Collected data entries:
..............................

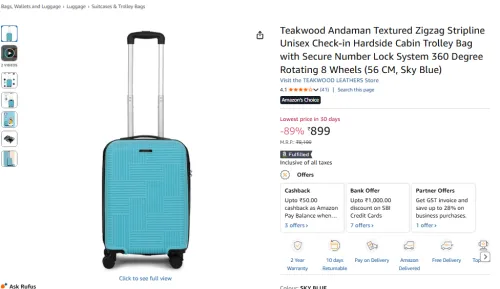 Image of Teakwood Andaman 56cm Hardside Trolley Bag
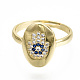 Adjustable Brass Micro Pave Cubic Zirconia Finger Rings RJEW-S045-050G-NR-3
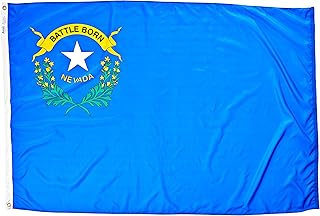 Nevada State Flag 4x6 ft. Nylon SolarGuard NYL-Glo 100% Made in USA to Official State Design Specifications by Annin Flagmakers. Model 143370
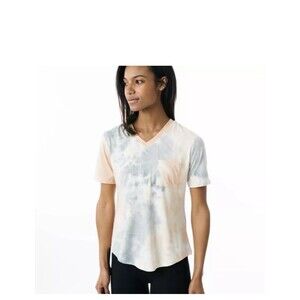 Zyia Active Hendrix Dusk Go To Pocket Blue & Orange Tie-dye Tee x-Small Women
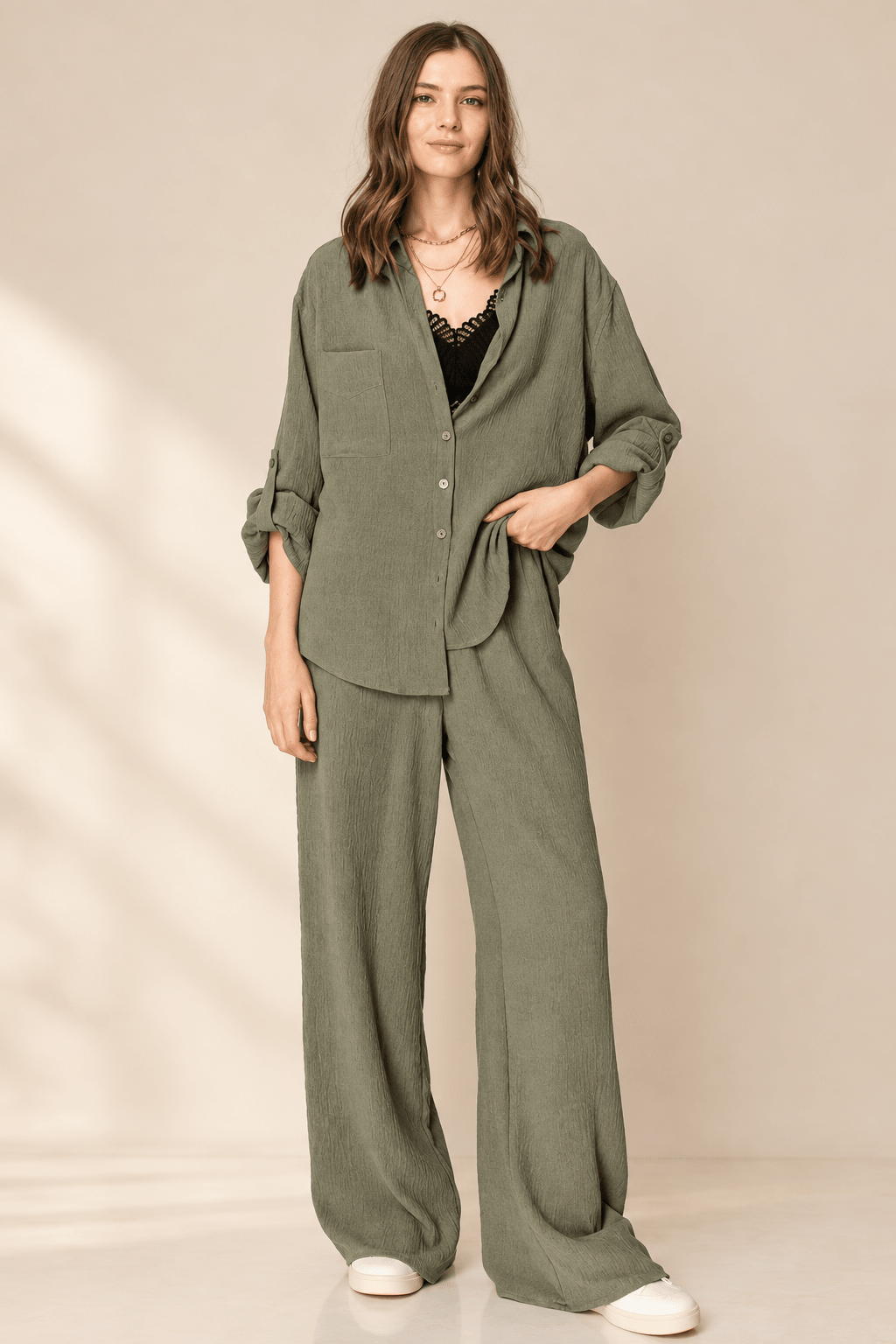 Olive Button Down Lounge Set - Bella Blossom Boutique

..............................

The problem:
Output each record exactly as it appears, but not the pictures.

Exercise response:
 Image of Teakwood Andaman 56cm Hardside Trolley Bag
 Adjustable Brass Micro Pave Cubic Zirconia Finger Rings RJEW-S045-050G-NR-3
 Nevada State Flag 4x6 ft. Nylon SolarGuard NYL-Glo 100% Made in USA to Official State Design Specifications by Annin Flagmakers. Model 143370
 Zyia Active Hendrix Dusk Go To Pocket Blue & Orange Tie-dye Tee x-Small Women
 Olive Button Down Lounge Set - Bella Blossom Boutique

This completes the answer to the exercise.